## What needs to be done
Take the line containing "Tommy Hilfiger 1710256" and each line after it through the end of the data below, and return them exactly, minus any pictures.

## Records shown
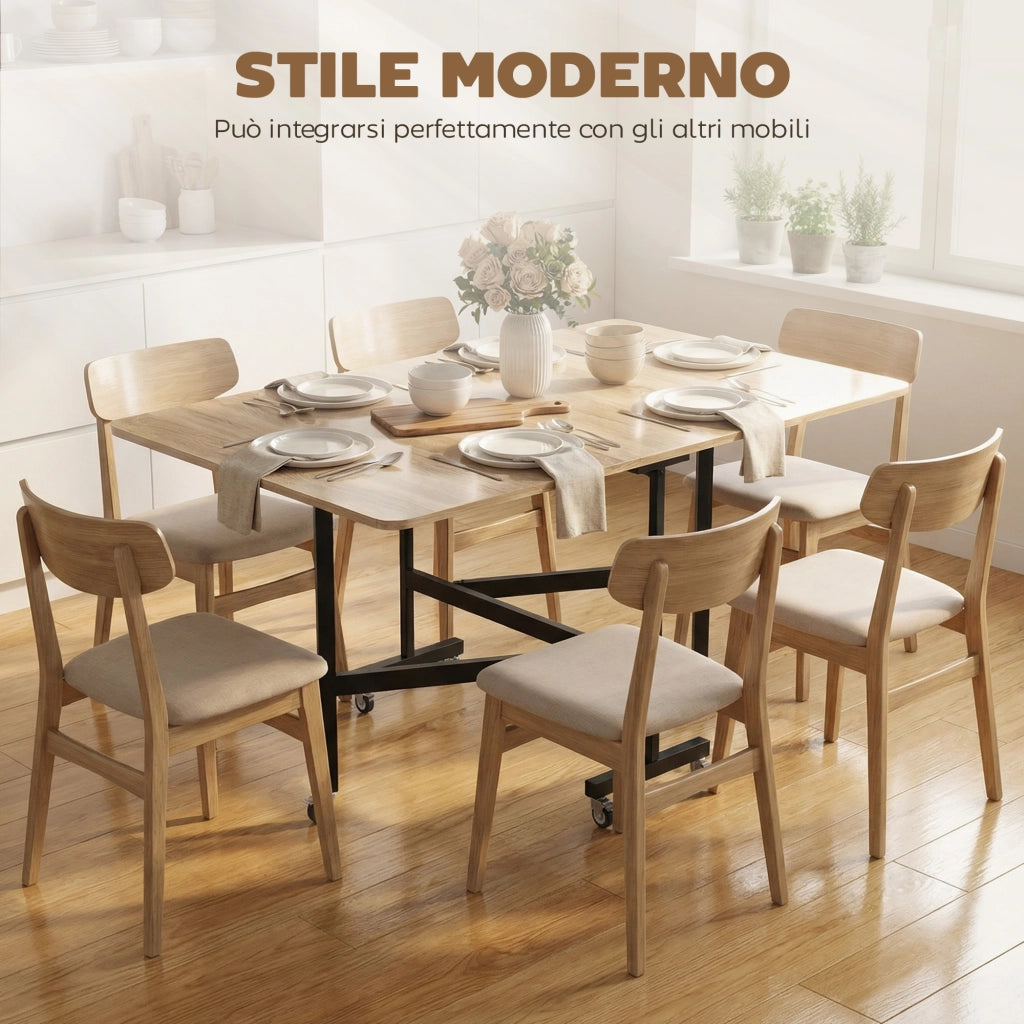 Tavolo Pieghevole Allungabile per 6 Persone ¨C zephmum ¨C Rovere, 120x80x73 cm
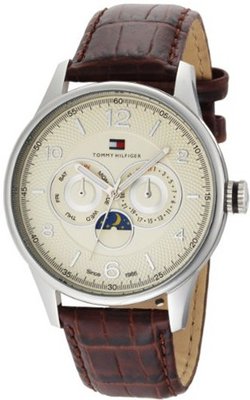 Tommy Hilfiger 1710256 Classic Stainless Steel Brown Croco Embossed Strap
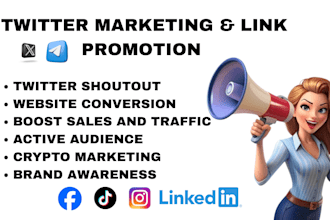 do twitter shoutout promotion to 150m audience, app, wix, sharelink and crypto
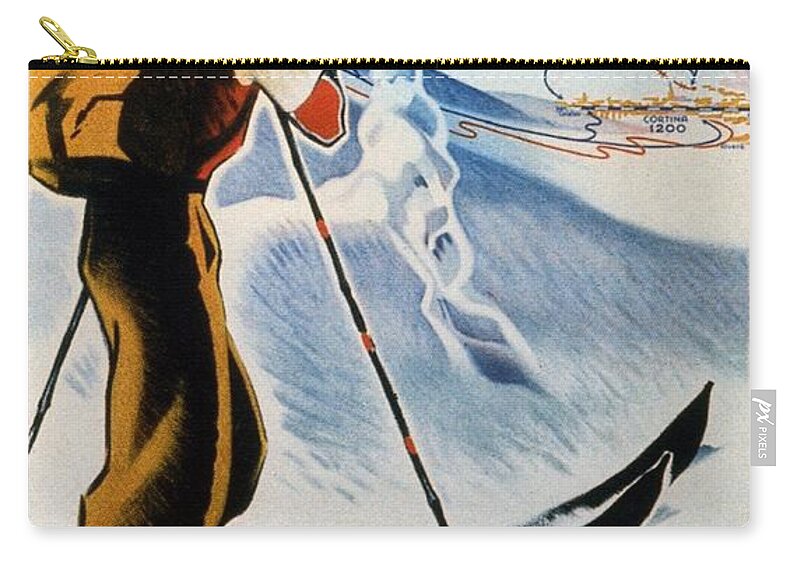Cortina Zip Pouch featuring the painting Cortina Dolomiti Skiing Vintage Travel Poster by Studio Grafiikka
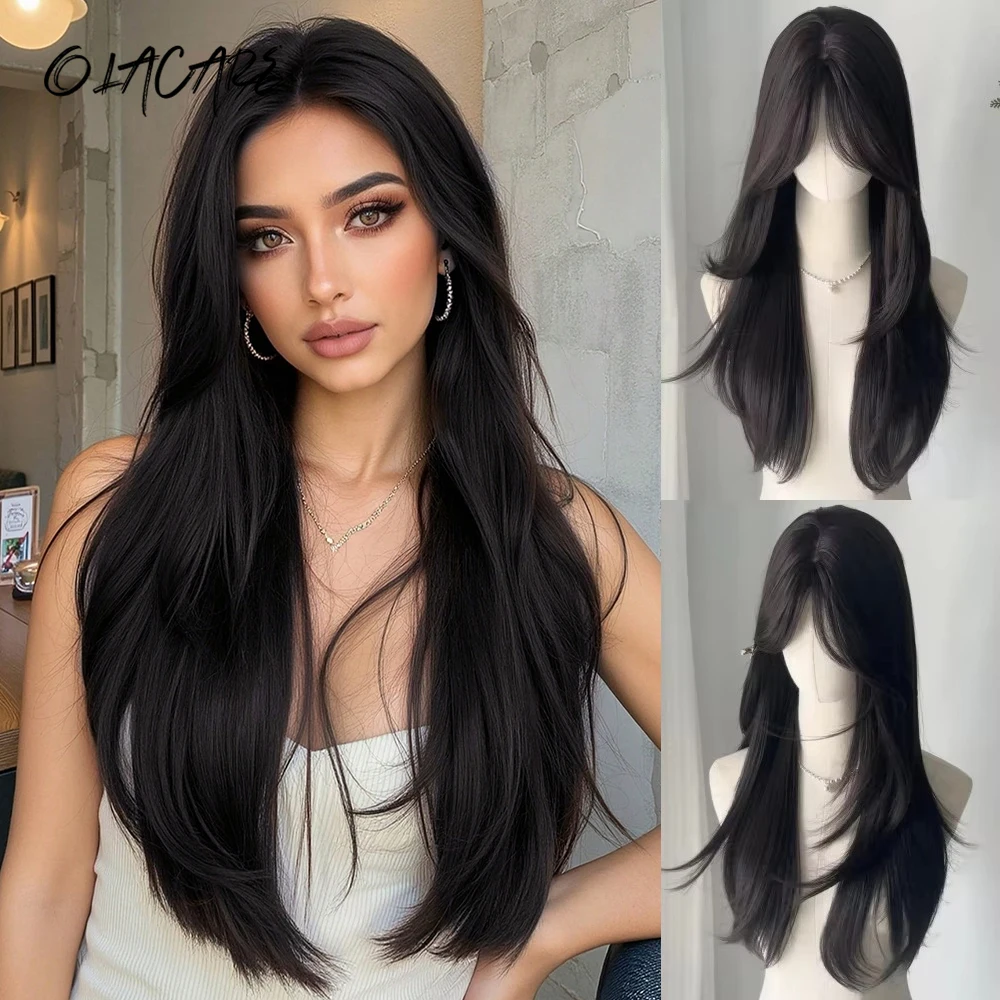 

OLACARE Синтетические длинные прямые парики Средняя часть Коричневый Черный Косплей Парики из волос Лолиты для женщин Натуральный термостойкий парик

## Task response
 Tommy Hilfiger 1710256 Classic Stainless Steel Brown Croco Embossed Strap
 do twitter shoutout promotion to 150m audience, app, wix, sharelink and crypto
Cortina Zip Pouch featuring the painting Cortina Dolomiti Skiing Vintage Travel Poster by Studio Grafiikka

OLACARE Синтетические длинные прямые парики Средняя часть Коричневый Черный Косплей Парики из волос Лолиты для женщин Натуральный термостойкий парик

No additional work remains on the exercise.